My most delectable Halloween treat last week was attending The New Guignol, an evening of short, ripped from the perverse-but-true headlines plays presented by The Blood Brothers and Nosedive Productions at my new haunt, The Brick Theater in Williamsburg, Brooklyn. Of course a Grand Guignol show, theater's answer to a haunted house, is pretty much critic-proof, akin to reviewing a night of campfire tales.Either you delight in the horror – which I unequivocally did – or you find yourself nodding off anxious to crawl into the nearest sleeping bag. (I was especially fond of the patter and chemistry between “blood brother” actors/directors Pete Boisvert and Patrick Shearer, who served as our Uncle Fester looking guides through the simultaneously gory and hilarious vignettes.) Acting, directing, sets, lighting and costume design are mere accompaniments to the spectacle of body parts and stage blood, and savoring that which is taboo in proper real life.
One of the most interesting aspects of the original, turn-of-the-last-century Paris, Grand Guignol was its (modern-day) political incorrectness, especially with regards to sexual violence against women. The "Sarah Bernhardt of the Grand Guignol" Paula Maxa found her characters raped thousands of times over the span of her career. (Of course this figure pales in comparison to the murdered rate for this actress also known as "the most assassinated woman in the world.") Not surprisingly, The New Guignol that I saw featured only one rape, a case of coercion occurring in an incestuous relationship between a father and daughter in "A Room With No View." The only other incident of sexual violence was directed against the male character in "Dominique," who engages in a night of drug-fueled sex then awakes to find his lover's name carved into his chest! It's hard to imagine anyone staging a version of that play with the genders reversed and getting the same outrageous laughs.
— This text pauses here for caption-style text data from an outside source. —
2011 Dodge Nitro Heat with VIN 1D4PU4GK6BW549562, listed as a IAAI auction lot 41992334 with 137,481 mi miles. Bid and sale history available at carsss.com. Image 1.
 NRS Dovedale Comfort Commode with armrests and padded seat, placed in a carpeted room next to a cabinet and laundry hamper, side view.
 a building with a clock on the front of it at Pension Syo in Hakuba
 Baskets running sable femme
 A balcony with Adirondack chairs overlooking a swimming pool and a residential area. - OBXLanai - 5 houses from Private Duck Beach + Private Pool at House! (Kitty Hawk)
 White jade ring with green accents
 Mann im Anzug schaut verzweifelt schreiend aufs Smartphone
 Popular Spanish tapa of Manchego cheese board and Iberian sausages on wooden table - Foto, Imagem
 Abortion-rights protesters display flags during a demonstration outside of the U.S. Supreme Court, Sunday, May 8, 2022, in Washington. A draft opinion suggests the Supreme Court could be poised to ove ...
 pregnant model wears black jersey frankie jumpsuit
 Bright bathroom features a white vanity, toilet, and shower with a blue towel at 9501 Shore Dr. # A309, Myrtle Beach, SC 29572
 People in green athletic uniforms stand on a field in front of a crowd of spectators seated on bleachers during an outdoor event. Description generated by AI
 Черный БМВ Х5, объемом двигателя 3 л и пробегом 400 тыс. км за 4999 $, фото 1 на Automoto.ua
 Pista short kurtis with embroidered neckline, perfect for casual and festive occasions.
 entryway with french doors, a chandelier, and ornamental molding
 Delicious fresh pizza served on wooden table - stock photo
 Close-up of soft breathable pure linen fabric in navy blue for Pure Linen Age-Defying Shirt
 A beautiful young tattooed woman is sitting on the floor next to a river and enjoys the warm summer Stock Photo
I probably wouldn't have picked up on this double standard, or merely chalked it up to the rise of feminism and likened our distaste to the intolerance for minstrel shows in the wake of civil rights, had I not already spent most of the week wading through a muck of misplaced charges of misogyny. I went from defending Danish director Lars von Trier (see my essay "It's Only a Flesh Wound: In Defense of Lars von Trier's Antichrist" at The House Next Door) to sitting on a panel at the Doomsday Film Festival sticking up for Canadian director David Cronenberg during a discussion of his 70s film "Shivers." There just seems to be something in the American DNA that delivers a knee-jerk reactive cry of misogyny whenever women and sexual violence are combined in a cultural product that doesn't attempt to apologize for that depiction. (In music the controversy surrounding Eminem comes to mind.) The Grand Guignol and directors like von Trier and Cronenberg merely present this taboo subject for the audience to explore, acting as artistic messengers while ridding themselves of any simplistic moralizing. That sexual violence could be titillating is what seems to unnerve so many, and yet that discomfort cannot be blamed on any heinous images in front of our eyes. The mirror art holds up to its audience is the real nightmare, one that must be confronted in the light of day if we are to come to terms with the irrational side of ourselves. For better or worse The New Guignol is here to stay.